Last week, Assembly Bill 4, also known as the “Trust Act,” passed the California State Assembly in a mostly party-line vote. The bill, authored by Tom Ammiano (D-San Francisco), was rejected by all Republican members of the Assembly, but only received two no votes from the other side of the aisle.
The Trust Act would place restrictions on local law enforcement on what crimes they are allowed to report to Immigration and Customs Enforcement (ICE) if the suspect is in the country illegally. If passed, the measure will have a major impact on federal deportation efforts as ICE officials rely on the help of city police.
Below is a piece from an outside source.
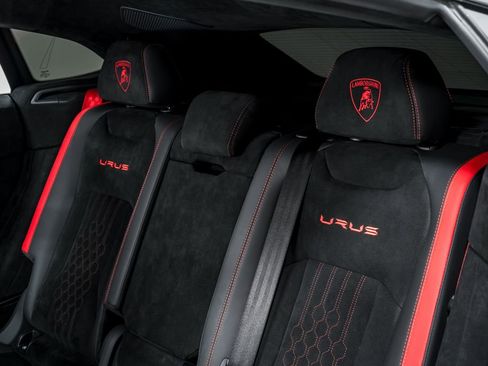 Used 2023 Lamborghini Urus Performante AWD/4WD image 33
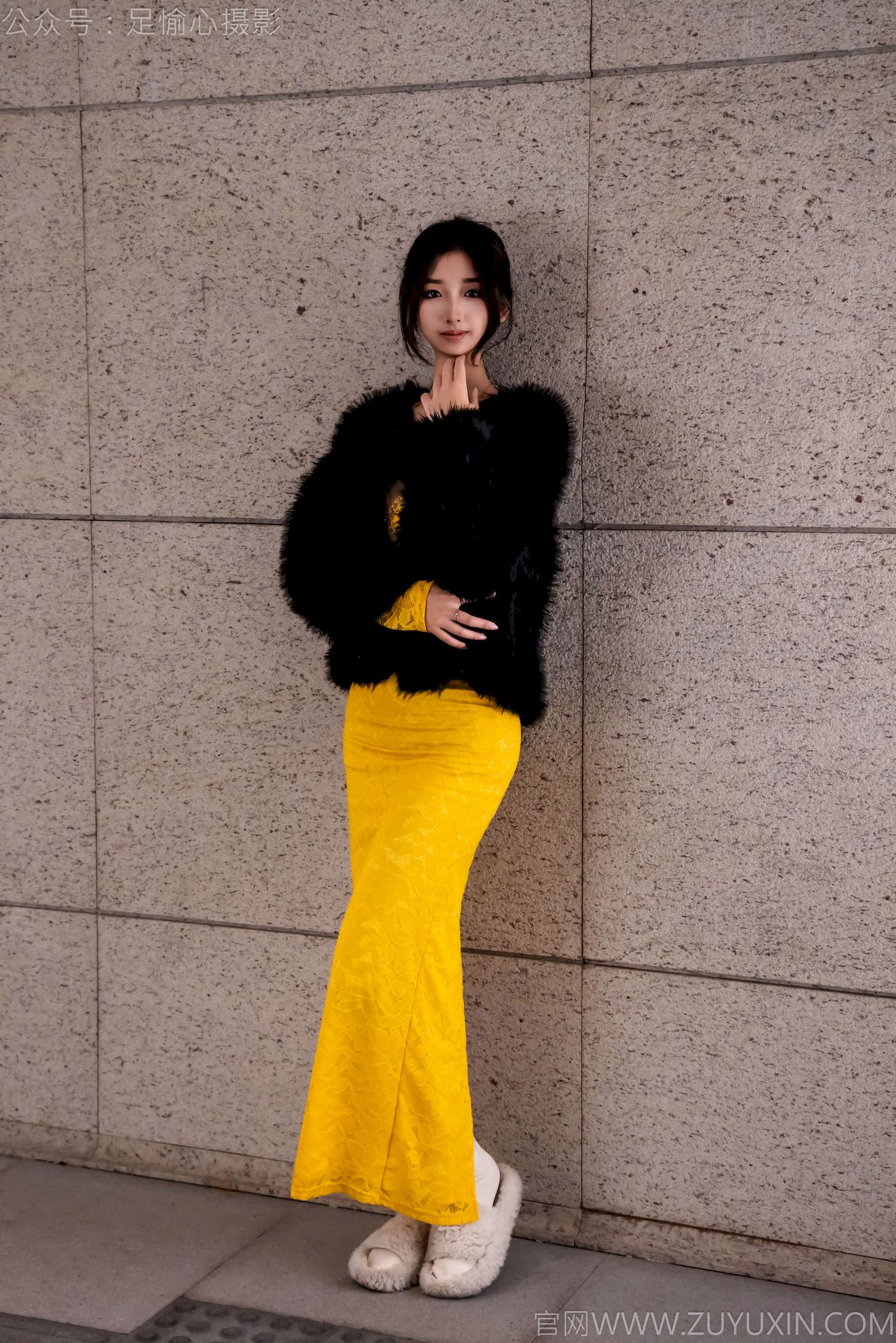 足愉心模特星朵黑色毛衫黄色连衣裙裸足摄影-薇薇部落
Advocates argue the bill is necessary because, under current law, immigrants could be reported for frivolous crimes and that would break up families and hurt communities. Supporters of the bill further argue that current law discourages people — specifically immigrants — from reporting crimes out of fear of deportation.
Support for AB 4 is not small and hundreds of advocates of this bill, and other pieces of legislation currently being considered in the California Legislature that would expand immigration rights in the state, converged on Sacramento on Monday for 17th annual Immigration Day.
About 500 immigrants met with lawmakers to discuss a handful of bills and the issue of immigration in California.
Along with the Trust Act, advocates also voiced their support for another bill by Ammiano, AB 241, which would provide workplace protections for domestic workers. The “California Domestic Workers Bill of Rights” is currently being considered in the Appropriations Committee. .
AB 60 is also on the list of bills advocates support. If passed, the will give more unlawful immigrants an opportunity at receiving a state driver’s license if the person wanting a license can show proof they have paid taxes.The passed the Committee on Transportation back in April and is also being considered by Appropriations.